Please transcribe exactly, and only, the lines of the data below between the line holding "INC International Concepts" and the line holding "Softolle 100% Cotton", inclusive.

-- Opening Marker --

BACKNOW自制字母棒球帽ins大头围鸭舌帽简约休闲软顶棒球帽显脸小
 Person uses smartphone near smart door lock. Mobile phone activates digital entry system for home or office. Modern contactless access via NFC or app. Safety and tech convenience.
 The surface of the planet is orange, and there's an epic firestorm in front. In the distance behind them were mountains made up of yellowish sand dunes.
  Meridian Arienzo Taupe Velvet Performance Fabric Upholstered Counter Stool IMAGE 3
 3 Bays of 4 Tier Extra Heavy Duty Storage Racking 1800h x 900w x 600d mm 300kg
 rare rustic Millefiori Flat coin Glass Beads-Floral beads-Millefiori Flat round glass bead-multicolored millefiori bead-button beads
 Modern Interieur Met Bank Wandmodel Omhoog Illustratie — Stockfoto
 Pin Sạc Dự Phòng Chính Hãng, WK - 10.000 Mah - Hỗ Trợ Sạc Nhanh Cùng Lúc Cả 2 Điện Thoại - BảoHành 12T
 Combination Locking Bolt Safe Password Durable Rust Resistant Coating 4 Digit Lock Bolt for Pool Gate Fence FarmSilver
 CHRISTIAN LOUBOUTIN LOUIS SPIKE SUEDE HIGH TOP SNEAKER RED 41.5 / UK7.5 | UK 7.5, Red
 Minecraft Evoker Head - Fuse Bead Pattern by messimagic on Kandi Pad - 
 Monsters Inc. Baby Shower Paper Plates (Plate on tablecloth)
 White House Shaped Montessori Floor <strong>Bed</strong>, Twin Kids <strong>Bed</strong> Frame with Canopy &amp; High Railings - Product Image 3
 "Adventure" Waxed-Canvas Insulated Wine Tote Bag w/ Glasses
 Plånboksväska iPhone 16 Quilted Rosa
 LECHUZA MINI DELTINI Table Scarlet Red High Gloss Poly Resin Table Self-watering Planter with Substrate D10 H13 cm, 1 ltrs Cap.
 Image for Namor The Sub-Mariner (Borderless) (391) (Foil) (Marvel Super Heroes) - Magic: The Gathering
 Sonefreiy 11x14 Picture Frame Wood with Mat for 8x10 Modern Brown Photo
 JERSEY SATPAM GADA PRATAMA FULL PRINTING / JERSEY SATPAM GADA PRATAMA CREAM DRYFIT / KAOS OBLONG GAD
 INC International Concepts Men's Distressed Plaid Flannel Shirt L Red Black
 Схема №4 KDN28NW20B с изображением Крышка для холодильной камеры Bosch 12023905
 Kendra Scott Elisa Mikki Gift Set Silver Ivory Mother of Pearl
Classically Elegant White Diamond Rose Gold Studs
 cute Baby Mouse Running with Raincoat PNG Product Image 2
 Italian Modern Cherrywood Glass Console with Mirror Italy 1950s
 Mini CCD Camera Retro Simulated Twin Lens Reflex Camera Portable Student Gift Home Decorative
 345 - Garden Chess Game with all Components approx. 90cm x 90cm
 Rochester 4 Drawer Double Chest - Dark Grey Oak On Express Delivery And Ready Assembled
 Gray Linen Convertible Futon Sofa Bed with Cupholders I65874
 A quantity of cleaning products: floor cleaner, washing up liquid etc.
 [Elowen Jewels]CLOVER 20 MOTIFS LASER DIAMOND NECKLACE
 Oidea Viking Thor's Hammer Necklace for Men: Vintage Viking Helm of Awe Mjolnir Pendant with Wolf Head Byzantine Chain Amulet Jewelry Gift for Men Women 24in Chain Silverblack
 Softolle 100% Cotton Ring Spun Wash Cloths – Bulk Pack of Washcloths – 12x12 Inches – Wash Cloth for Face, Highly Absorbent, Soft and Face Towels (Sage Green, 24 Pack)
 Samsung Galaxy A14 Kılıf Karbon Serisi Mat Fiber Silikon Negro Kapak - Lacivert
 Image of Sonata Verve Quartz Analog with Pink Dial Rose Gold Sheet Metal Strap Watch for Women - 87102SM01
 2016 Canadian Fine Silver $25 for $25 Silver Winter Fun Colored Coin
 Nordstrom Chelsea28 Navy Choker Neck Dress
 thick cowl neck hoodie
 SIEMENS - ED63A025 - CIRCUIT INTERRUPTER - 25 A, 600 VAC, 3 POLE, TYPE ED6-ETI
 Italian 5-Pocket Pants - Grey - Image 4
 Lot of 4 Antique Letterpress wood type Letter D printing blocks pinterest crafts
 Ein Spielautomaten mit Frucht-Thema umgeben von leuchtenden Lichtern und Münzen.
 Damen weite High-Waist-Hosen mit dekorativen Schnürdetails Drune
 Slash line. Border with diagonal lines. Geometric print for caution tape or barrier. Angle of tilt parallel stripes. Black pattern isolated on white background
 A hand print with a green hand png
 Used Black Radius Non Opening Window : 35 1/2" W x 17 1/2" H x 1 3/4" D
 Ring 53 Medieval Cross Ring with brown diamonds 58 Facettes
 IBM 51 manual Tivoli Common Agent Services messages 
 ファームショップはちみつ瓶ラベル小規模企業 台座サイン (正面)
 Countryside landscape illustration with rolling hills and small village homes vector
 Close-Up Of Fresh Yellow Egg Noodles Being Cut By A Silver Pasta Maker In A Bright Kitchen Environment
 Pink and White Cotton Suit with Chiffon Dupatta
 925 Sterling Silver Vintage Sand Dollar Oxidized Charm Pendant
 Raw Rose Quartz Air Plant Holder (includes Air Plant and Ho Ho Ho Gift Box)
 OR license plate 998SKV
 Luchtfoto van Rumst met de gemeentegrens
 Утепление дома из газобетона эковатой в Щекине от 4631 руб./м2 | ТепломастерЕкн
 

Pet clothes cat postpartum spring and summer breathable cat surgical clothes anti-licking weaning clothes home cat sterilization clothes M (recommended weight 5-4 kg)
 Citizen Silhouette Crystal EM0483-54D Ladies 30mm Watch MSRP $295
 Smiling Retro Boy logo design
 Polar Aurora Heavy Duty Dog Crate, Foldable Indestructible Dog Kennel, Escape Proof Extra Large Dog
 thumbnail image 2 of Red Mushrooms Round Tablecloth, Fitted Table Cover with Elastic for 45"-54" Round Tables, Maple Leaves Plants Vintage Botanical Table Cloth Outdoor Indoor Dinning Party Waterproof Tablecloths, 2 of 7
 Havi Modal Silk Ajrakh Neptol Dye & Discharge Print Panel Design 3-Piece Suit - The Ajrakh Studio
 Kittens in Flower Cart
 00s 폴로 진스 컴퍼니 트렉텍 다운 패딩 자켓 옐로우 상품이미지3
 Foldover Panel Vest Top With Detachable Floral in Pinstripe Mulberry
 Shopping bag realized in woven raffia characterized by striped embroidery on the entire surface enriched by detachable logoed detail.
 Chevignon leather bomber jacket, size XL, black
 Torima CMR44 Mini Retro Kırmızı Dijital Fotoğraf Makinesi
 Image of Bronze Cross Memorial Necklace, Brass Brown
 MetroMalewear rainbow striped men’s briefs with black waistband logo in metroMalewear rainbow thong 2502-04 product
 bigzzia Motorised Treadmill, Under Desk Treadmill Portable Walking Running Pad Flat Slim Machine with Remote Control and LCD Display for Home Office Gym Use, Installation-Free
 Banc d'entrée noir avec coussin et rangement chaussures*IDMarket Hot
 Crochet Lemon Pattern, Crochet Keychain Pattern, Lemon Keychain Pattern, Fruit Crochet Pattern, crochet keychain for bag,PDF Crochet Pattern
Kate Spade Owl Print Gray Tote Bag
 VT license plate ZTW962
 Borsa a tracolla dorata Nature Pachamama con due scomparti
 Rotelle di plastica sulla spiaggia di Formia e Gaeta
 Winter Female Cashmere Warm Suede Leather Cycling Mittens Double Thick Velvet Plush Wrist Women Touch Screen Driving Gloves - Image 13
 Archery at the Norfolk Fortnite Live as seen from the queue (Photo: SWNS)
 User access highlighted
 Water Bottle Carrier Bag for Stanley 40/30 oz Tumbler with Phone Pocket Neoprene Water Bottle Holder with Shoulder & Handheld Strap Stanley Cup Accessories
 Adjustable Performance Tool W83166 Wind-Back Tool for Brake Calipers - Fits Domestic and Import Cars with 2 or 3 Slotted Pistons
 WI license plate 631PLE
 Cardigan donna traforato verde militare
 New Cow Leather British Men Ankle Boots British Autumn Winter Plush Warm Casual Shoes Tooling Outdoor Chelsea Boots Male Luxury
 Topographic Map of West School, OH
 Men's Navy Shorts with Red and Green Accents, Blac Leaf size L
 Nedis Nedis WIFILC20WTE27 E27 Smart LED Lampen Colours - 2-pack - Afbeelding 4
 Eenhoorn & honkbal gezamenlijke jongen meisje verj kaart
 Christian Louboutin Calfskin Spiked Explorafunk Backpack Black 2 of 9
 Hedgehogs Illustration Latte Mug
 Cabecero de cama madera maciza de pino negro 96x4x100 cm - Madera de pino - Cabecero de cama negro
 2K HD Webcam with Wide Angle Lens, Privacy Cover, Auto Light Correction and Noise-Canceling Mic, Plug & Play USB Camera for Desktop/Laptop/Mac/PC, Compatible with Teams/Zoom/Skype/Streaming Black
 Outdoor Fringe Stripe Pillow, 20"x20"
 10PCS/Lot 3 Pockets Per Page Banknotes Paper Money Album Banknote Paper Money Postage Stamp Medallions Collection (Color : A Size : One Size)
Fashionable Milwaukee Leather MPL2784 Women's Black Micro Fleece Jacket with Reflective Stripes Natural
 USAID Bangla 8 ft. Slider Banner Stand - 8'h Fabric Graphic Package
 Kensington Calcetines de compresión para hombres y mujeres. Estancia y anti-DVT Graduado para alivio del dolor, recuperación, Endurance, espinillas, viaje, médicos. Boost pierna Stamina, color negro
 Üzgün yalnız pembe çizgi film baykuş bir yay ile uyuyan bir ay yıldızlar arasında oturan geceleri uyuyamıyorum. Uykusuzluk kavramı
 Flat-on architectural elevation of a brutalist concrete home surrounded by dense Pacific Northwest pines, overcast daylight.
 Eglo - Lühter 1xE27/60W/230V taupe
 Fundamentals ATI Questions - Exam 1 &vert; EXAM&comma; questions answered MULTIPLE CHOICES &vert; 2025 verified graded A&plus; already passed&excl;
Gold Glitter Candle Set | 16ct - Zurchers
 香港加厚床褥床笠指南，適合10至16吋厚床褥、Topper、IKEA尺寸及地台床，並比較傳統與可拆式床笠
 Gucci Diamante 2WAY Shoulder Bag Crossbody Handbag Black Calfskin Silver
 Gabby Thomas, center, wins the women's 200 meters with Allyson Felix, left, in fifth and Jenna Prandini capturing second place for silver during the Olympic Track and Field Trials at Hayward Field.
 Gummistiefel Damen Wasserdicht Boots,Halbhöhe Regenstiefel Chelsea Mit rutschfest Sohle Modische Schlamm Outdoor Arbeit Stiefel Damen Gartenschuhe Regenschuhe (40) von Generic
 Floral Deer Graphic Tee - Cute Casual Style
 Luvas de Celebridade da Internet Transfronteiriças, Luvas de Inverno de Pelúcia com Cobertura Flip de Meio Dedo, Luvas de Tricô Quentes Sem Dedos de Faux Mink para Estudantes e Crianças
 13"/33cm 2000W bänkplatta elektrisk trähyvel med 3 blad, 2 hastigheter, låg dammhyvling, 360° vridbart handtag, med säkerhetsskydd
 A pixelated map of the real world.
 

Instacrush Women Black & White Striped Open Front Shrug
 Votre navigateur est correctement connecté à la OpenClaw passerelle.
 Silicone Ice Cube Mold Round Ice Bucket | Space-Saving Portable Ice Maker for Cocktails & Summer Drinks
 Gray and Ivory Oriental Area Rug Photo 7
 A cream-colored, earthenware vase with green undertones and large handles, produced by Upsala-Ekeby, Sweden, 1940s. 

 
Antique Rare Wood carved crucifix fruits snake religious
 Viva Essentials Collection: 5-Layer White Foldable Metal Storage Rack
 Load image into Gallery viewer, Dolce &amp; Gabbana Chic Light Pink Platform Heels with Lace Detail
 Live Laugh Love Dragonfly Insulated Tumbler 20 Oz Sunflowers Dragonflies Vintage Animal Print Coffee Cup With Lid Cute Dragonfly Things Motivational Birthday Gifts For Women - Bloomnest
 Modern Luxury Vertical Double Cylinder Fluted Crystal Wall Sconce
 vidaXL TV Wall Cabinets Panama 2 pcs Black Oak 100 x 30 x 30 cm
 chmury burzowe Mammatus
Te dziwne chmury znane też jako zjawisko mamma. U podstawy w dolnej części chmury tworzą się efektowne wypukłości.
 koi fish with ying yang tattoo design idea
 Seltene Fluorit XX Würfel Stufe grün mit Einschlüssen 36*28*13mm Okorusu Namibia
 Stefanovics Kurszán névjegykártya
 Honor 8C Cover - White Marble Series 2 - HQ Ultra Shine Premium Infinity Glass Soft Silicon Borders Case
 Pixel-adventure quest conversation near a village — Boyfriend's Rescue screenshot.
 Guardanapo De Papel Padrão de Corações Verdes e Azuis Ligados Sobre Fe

-- Closing Marker --

RESPONSE AREA:
 INC International Concepts Men's Distressed Plaid Flannel Shirt L Red Black
 Схема №4 KDN28NW20B с изображением Крышка для холодильной камеры Bosch 12023905
 Kendra Scott Elisa Mikki Gift Set Silver Ivory Mother of Pearl
Classically Elegant White Diamond Rose Gold Studs
 cute Baby Mouse Running with Raincoat PNG Product Image 2
 Italian Modern Cherrywood Glass Console with Mirror Italy 1950s
 Mini CCD Camera Retro Simulated Twin Lens Reflex Camera Portable Student Gift Home Decorative
 345 - Garden Chess Game with all Components approx. 90cm x 90cm
 Rochester 4 Drawer Double Chest - Dark Grey Oak On Express Delivery And Ready Assembled
 Gray Linen Convertible Futon Sofa Bed with Cupholders I65874
 A quantity of cleaning products: floor cleaner, washing up liquid etc.
 [Elowen Jewels]CLOVER 20 MOTIFS LASER DIAMOND NECKLACE
 Oidea Viking Thor's Hammer Necklace for Men: Vintage Viking Helm of Awe Mjolnir Pendant with Wolf Head Byzantine Chain Amulet Jewelry Gift for Men Women 24in Chain Silverblack
 Softolle 100% Cotton Ring Spun Wash Cloths – Bulk Pack of Washcloths – 12x12 Inches – Wash Cloth for Face, Highly Absorbent, Soft and Face Towels (Sage Green, 24 Pack)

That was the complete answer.